Many times when someone has something going on in there life they may hold an attitude. This can become a problem because sometimes we may feel like the world revolves around us. We may think that nothing more matters in the world but our own feelings. And this simply is not true. While you have a bad day, you may run across someone else who is having a bad day like yourself. If you both are having a bad day than most likey you will get into an altercation.

Some people aren't patient enough to walk away. So my message is to try to control your attitude when having a rough time.

Tuesday, January 5, 2010

What I hope for in a man!

In my pursuit to finding a good husband, I hope for him to be beautiful. Beauty is not only the physical. Many people get caught up in the physical early. They may think... He has to be easy to look at of course. But to be honest, I've seen more physically beautiful ugly men than Ive seen physically ugly beauty...

1) I Hope for my future husband to love Allah(God) before anything else. Because if he loves God, he will treat me with respect and kindness.
2) I hope for my future husband to be smart. Bookwise and streetwise.
3) I want him to be supportive.

Im sure there are things that I want but I am not aware of yet... But all I can say is God has my best interest! I wont rush, unless I feel the time is right. I wont go too slow unless I feel the time is right. Im not saying I feel like I know everything for myself, but you know how you have the feeling in the pit of your stomach? You know how you just know when the time may be right for something? I pray that when the time comes I will know it!!!

Monday, January 4, 2010

The reasons I Love Islam!

Writing blogs is a new pasttime to me. I love making youtube videos expressing my opinions. But I never thought of writing a blog. This blog will be about why I love Islam. Because lately, I have had alot on my mind. Islam, my future career, my future family, and my goals in life. I realized that I am the happiest I have ever been in life. I asked myself why?
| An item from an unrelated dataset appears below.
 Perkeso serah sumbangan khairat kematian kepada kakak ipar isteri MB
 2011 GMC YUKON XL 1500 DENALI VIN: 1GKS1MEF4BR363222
Since this past month of Ramadan, I have been striving to make all my prayers, and make them all on time. I have been striving to study and read more about Islam. I am young and I am faced with the many questions about my purpose to life. So I have been studying more Quran, and other scriptures. Right now, I am the happiest I have ever been in life. It wasnt easy to make it here, but I am soooooo Happy! I am growing, learning, and living. People who claim to hate Islam try to force their opinions on me by telling me that Im not happy. But how can they possibly say that? Im happy because I make my prayers, I strive to enjoin in right and forbid in wrong. That is the reason why I am happy. I love Islam because to me, TRUE Islam is the key to being happy. Not someone's culture, not someones ideas. TRUE Islam. The kind of Islam that allows me to worship none other but GOD. That is the reason I love Islam.